Exercise prompt = Print the lines that run from the line with "Actual product image" to the line with "Energiezuinig 2-slaapkamerappartement met", keeping both end lines, exactly as they appear in the entries below, and nothing else.
[Material for the task]
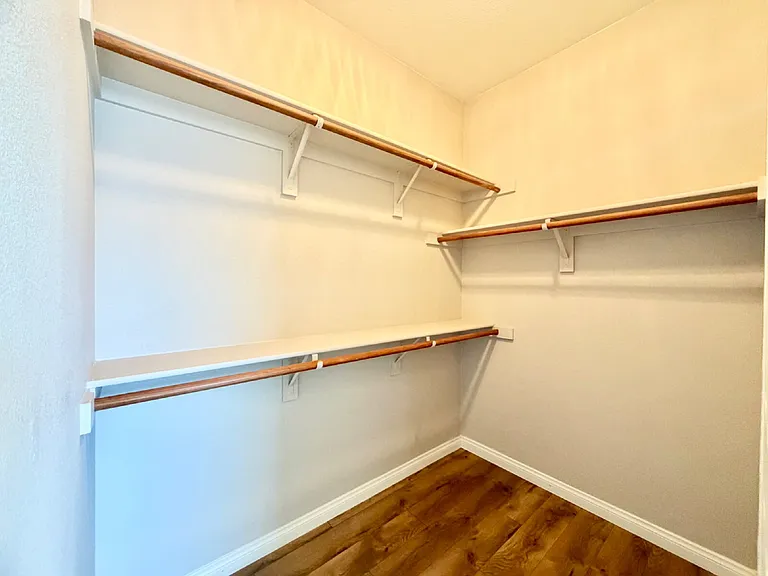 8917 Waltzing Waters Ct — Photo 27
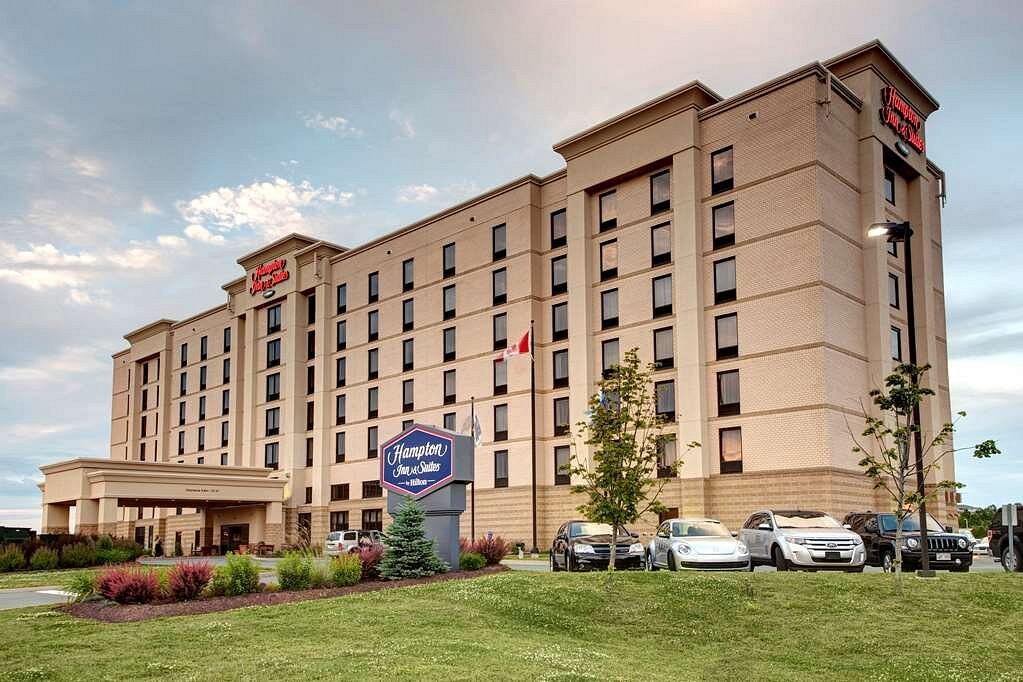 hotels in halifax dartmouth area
[/Material for the task]
[Material for the task]
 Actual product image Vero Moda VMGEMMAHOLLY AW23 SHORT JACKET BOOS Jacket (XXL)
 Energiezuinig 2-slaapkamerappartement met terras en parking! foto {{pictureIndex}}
[/Material for the task]
Result =
 Actual product image Vero Moda VMGEMMAHOLLY AW23 SHORT JACKET BOOS Jacket (XXL)
 Energiezuinig 2-slaapkamerappartement met terras en parking! foto {{pictureIndex}}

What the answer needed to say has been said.